Ya frente al Señor que llegaba, el Centurión abrirá su corazón humilde y generoso; dirá unas palabras que, además de causar la admiración y alabanza de Jesucristo, han quedado en la liturgia Eucarística precisamente antes de acercarnos a comulgar. Los bienaventurados del cielo, que en sus vidas sirvieron; muchísimos de ellos de un modo heroico a sus hermanos, son especiales intercesores; ven en la esencia divina -como en un espejo- las súplicas que siempre, cuando son bien hechas, llegan al corazón de Dios; y ahí, donde se sigue amando, porque todo lo demás ya pasó; ya no se necesita ni fe ni esperanza; ahí sólo se ama; ahí continúan consiguiendo milagros como en la tierra los pidieron y consiguieron todos los días. (Suma Teol. 9, 72 art. 3 al 4).

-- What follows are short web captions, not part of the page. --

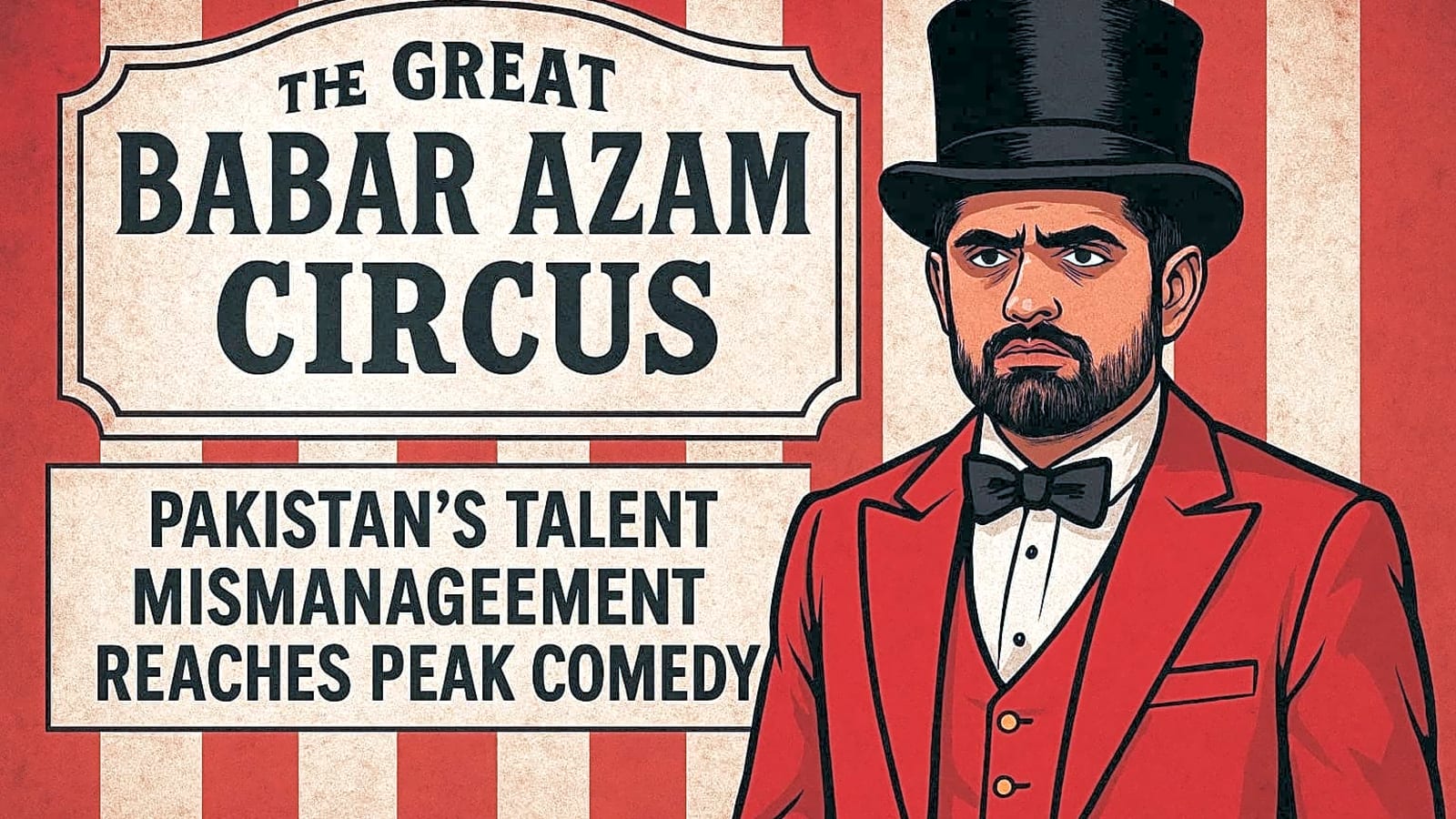 The Great Babar Azam Circus: Pakistan’s Talent Mismanagement Reaches Peak Comedy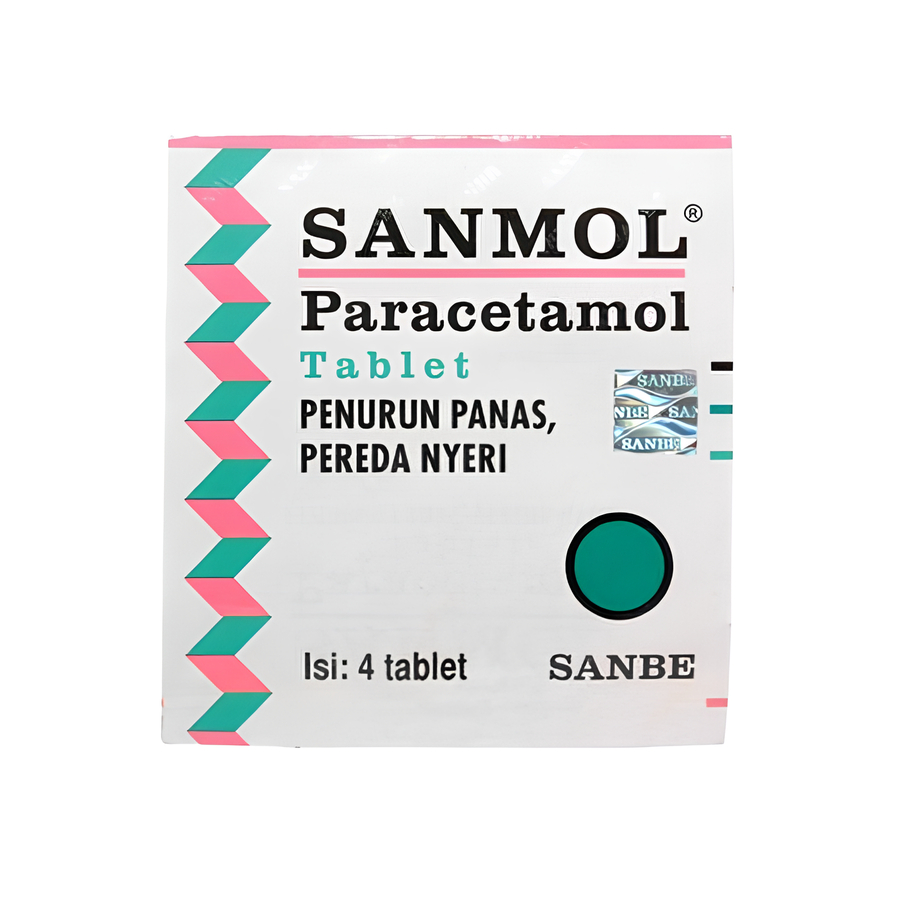 Jual Sanmol Paracetamol 500mg Strip 4 Tablet Shopee Indonesia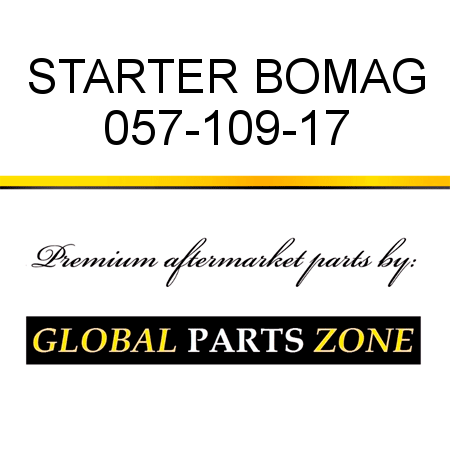 STARTER BOMAG 057-109-17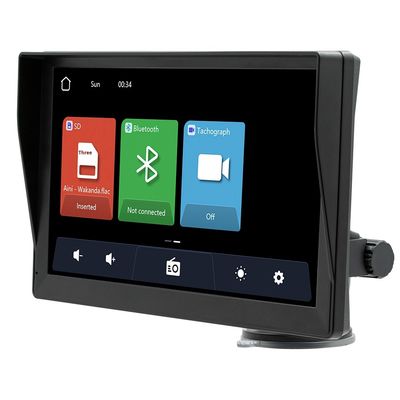 Przenośny odtwarzacz MP5 do samochodu Creatall 9-calowy, obraz cofania HD dla Bluetooth, bezprzewodowy CarPlay, umieszczenie na desce rozdzielczej, połączenie USB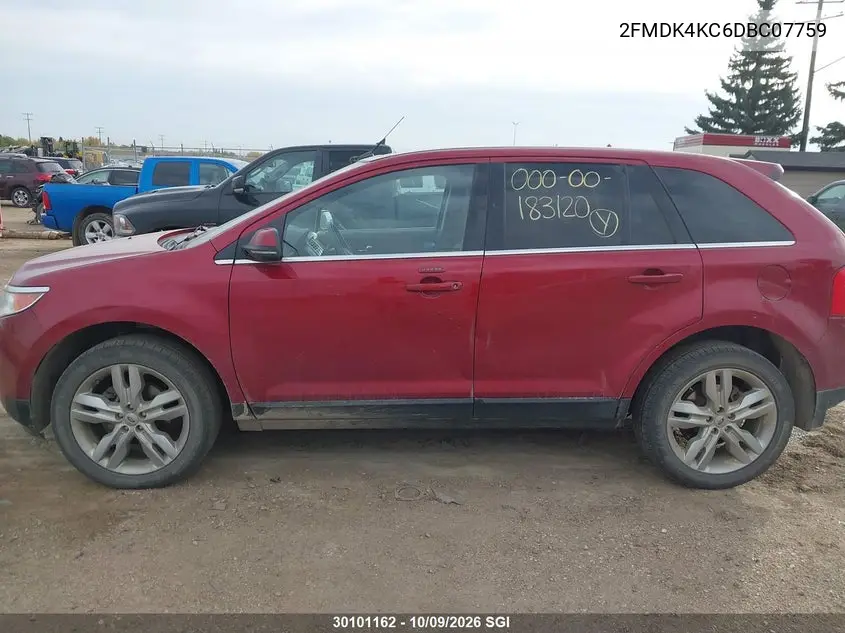 2013 FORD EDGE VIN 2FMDK4KC6DBC07759 — фото 14
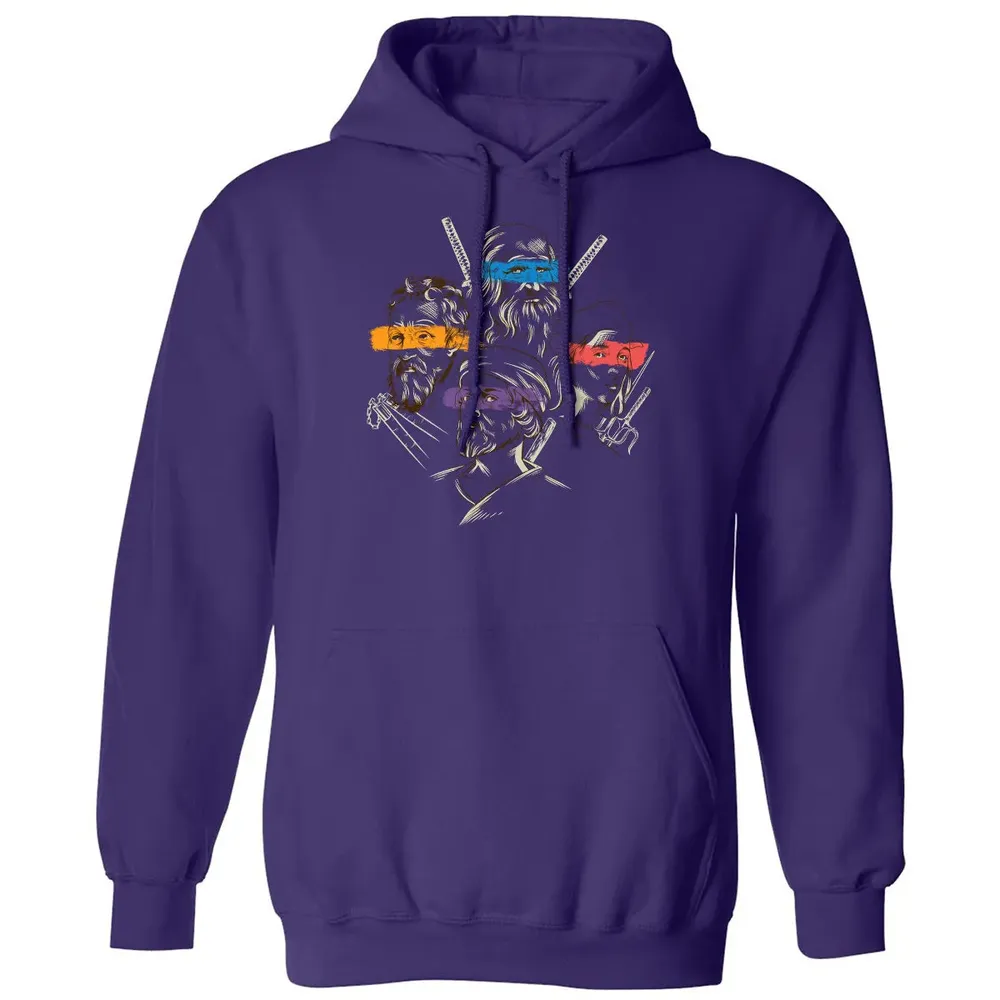 Leonardo, Michelangelo, Donatello, Raphael Classic Unisex Hoodie - 6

Como eco de tantos pasajes, tanto del Antiguo como del Nuevo Testamento, vemos ahora varias intercesiones; el Centurión pide a sus amigos judíos que vayan a buscar a Jesús; ellos van y ruegan al Señor, e incluso con variadas razones: -“nos ha construido la Sinagoga”; “merece que le hagas ese favor”; admiraban y agradecían en aquel hombre tan bueno su desprendimiento ante la súplica de los judíos que necesitaban su Sinagoga; algo conveniente y útil, pero material; y ahora piden para él, un favor que por delicadeza y bondad de corazón pide para un criado muy querido, y, aunque Jesucristo no necesita explicaciones, sí las escucha: -“Soy subalterno y tengo personas obedientes a mi servicio; pero no me creí digno de que Tú, que tienes autoridad sobre personas, acontecimientos, demonios y enfermedades, y sobre el presente y el futuro; me vinieras a ver, cuando se que Tú eres más que un hombre”.